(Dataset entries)
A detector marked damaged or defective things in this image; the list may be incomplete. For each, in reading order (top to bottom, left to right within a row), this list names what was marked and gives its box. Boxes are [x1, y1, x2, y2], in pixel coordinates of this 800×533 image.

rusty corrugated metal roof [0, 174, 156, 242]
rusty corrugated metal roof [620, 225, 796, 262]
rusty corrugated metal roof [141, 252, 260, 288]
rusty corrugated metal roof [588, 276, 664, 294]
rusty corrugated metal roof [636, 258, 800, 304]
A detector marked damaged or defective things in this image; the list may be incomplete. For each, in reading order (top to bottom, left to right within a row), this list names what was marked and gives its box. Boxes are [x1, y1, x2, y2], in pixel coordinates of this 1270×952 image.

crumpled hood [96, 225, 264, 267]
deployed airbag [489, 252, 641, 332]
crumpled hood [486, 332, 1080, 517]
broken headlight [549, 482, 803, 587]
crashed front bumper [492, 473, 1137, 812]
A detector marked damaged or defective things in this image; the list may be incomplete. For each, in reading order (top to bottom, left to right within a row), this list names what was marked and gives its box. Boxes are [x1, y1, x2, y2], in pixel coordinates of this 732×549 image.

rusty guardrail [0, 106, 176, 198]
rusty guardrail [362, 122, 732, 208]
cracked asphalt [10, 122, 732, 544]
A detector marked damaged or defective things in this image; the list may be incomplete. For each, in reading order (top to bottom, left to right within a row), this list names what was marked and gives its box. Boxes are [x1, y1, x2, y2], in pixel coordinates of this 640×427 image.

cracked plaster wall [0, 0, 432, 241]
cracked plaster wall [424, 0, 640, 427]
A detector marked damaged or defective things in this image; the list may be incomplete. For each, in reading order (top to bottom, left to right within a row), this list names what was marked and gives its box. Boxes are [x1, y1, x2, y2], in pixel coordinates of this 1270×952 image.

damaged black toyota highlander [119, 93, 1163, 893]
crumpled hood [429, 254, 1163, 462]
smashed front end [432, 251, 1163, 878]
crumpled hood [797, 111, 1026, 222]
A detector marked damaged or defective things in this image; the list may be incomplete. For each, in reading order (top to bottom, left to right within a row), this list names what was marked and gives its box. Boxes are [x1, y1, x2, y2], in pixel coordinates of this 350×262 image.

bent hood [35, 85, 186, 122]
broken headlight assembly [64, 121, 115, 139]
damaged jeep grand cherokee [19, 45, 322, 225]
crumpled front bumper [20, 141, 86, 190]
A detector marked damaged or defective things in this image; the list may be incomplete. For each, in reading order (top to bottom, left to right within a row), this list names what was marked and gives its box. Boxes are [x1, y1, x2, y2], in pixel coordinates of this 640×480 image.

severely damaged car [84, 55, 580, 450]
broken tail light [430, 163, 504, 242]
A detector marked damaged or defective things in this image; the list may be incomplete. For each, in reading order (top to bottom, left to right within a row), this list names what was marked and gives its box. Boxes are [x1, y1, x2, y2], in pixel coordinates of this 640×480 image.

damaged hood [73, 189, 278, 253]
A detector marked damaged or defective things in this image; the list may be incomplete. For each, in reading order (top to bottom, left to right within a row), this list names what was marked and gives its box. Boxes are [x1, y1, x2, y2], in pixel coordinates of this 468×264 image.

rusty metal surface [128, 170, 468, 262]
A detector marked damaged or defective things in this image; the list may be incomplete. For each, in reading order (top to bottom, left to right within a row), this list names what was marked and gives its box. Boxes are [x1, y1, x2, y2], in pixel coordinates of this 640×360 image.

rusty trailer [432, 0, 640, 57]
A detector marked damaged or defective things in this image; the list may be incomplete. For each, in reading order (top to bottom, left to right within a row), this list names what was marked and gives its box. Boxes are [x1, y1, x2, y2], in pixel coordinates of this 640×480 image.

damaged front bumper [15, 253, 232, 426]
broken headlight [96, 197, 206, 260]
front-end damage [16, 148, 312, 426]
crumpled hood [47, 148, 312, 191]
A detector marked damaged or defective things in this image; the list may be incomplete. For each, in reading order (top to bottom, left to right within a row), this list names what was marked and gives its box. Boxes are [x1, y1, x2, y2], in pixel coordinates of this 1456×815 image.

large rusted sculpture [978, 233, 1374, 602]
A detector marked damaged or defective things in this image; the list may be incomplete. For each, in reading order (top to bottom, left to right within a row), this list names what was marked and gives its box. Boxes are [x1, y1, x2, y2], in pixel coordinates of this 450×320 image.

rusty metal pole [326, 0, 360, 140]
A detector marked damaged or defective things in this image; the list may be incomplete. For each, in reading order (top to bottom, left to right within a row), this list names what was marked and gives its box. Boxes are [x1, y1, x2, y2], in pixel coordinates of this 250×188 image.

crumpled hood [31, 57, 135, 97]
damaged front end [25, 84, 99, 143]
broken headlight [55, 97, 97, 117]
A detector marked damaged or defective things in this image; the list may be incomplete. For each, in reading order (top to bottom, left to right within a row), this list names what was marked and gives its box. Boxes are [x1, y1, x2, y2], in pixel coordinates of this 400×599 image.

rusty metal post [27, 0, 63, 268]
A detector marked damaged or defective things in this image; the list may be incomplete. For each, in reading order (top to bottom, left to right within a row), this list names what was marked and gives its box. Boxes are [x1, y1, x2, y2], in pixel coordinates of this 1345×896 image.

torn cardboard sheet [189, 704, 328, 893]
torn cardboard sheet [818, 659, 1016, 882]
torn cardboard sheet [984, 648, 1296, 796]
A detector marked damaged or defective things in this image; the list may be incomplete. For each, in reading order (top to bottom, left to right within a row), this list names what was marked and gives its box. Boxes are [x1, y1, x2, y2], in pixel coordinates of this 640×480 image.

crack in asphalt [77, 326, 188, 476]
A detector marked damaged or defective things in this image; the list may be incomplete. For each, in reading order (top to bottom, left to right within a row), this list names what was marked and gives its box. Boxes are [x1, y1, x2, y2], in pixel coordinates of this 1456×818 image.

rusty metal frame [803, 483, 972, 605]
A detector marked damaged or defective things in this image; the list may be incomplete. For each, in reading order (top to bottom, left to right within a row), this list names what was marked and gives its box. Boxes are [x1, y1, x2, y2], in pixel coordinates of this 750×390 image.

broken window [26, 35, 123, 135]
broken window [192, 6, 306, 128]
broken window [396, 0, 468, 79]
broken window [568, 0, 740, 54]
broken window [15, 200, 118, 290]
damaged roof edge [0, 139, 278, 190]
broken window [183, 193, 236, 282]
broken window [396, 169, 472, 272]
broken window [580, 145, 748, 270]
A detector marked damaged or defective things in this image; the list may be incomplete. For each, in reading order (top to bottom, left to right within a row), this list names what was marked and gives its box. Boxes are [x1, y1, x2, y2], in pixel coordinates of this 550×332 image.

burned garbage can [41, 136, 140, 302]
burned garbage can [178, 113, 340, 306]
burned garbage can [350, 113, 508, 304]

▸ Required work
Find the line that contains "this 550×332 image.". Copy it and every line after it to the end of the records, exactly, and nothing more.

▸ Written solution
A detector marked damaged or defective things in this image; the list may be incomplete. For each, in reading order (top to bottom, left to right within a row), this list names what was marked and gives its box. Boxes are [x1, y1, x2, y2], in pixel coordinates of this 550×332 image.

burned garbage can [41, 136, 140, 302]
burned garbage can [178, 113, 340, 306]
burned garbage can [350, 113, 508, 304]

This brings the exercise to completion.